Overview:
A federal judge ruled that the Trump administration acted unlawfully in attempting to shorten the Temporary Protected Status (TPS) period for Haitians, reinstating the original end date of February 2026 and calling for further review.
This is a developing story.
A federal judge on Monday blocked the Department of Homeland Security’s (DHS) attempt to cut short Haiti’s Temporary Protected Status (TPS), ruling the agency lacked authority to end the protections ahead of schedule and failed to follow proper legal procedures.
The decision restores the TPS designation for Haiti through Feb. 3, 2026, reversing a move by DHS Secretary Kristi Noem that would have ended protections for tens of thousands of Haitians five months earlier, on Aug. 3.

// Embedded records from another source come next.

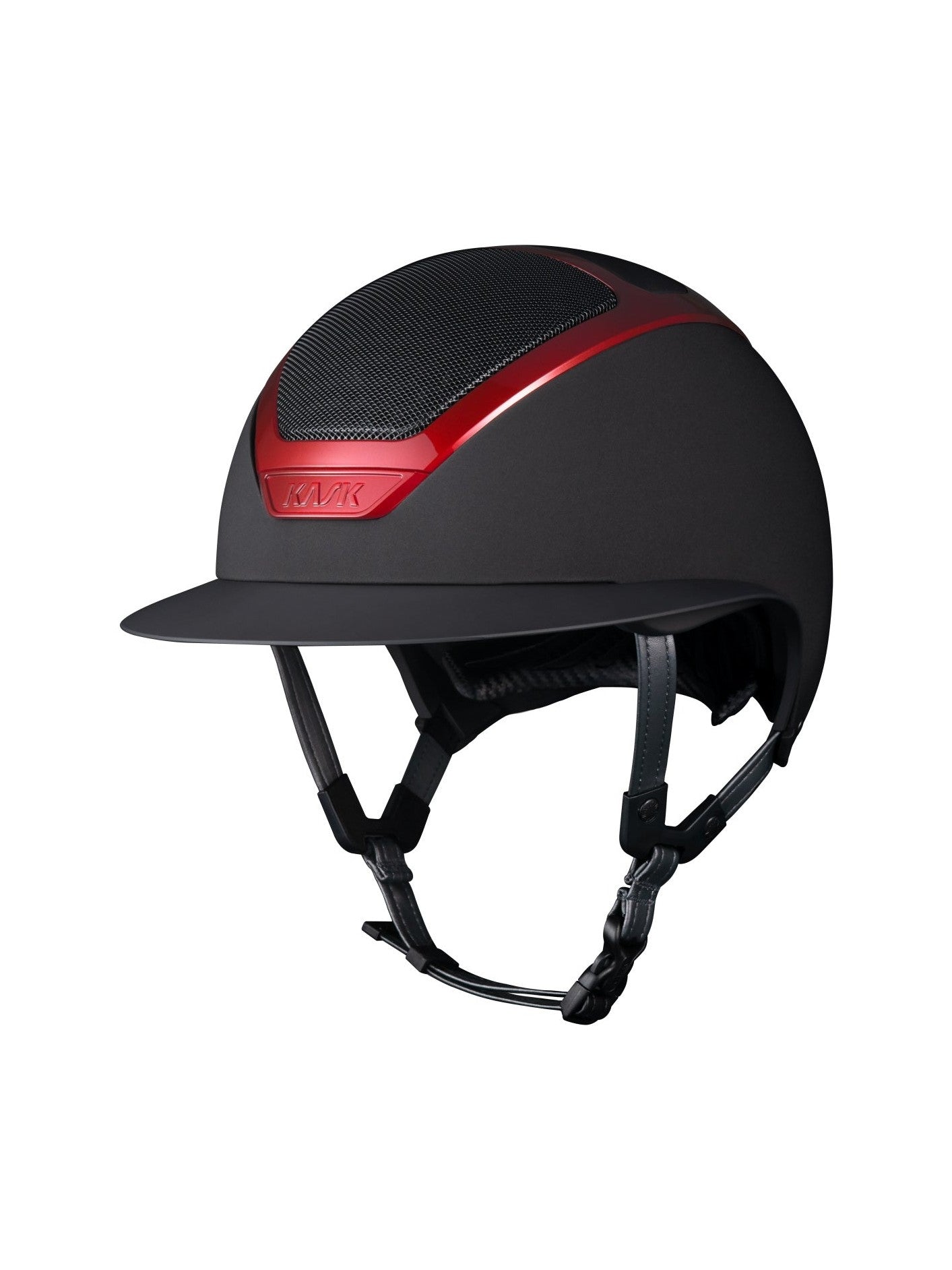 KASK STAR LADY PAINTED KASK JEŹDZIECKI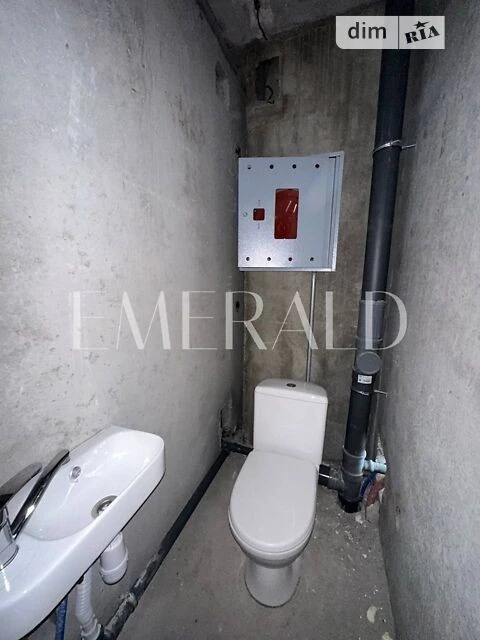 Sale of 2-room apartment 72.39 sq. m on Meliorativna street 18A • ID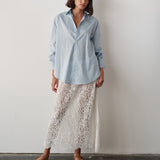 The MR.BIG Shirt, Solid Colors Made w/ Tana Lawn™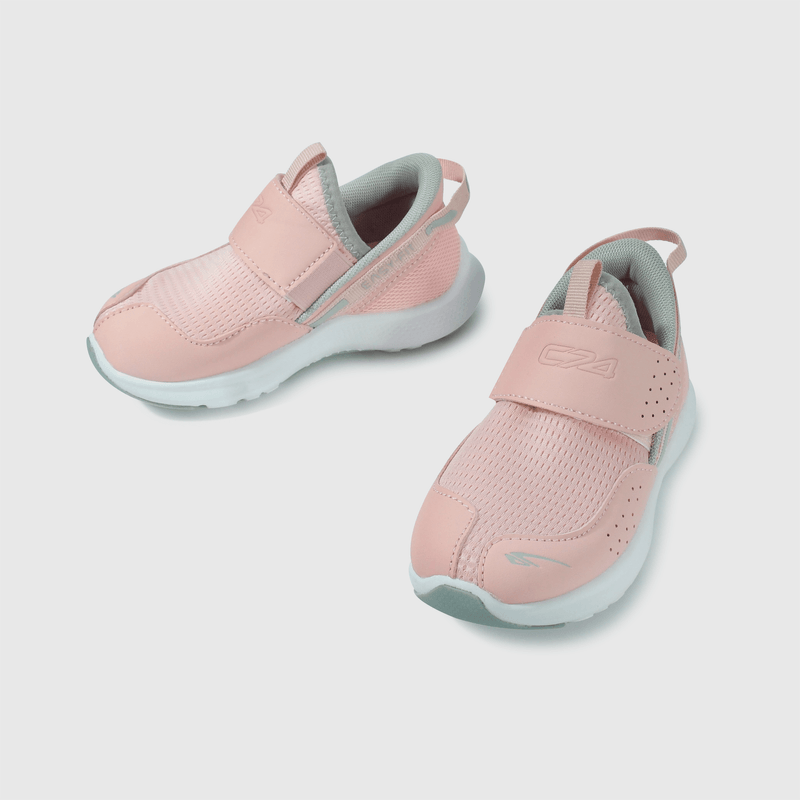 Zapatilla Sport Rosada de Niña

In a 23-page ruling, U.S. District Judge Brian Cogan wrote that Noem’s so-called “partial vacatur” of the TPS extension violated federal law, which explicitly lays out how and when a designation may be reviewed or ended. The court found that Noem’s February decision to shorten the TPS period bypassed those statutory steps and therefore must be set aside.
“Secretary Noem cannot reconsider Haiti’s TPS designation in a way that takes effect before February 3, 2026, the expiration of the most recent previous extension,” Cogan wrote.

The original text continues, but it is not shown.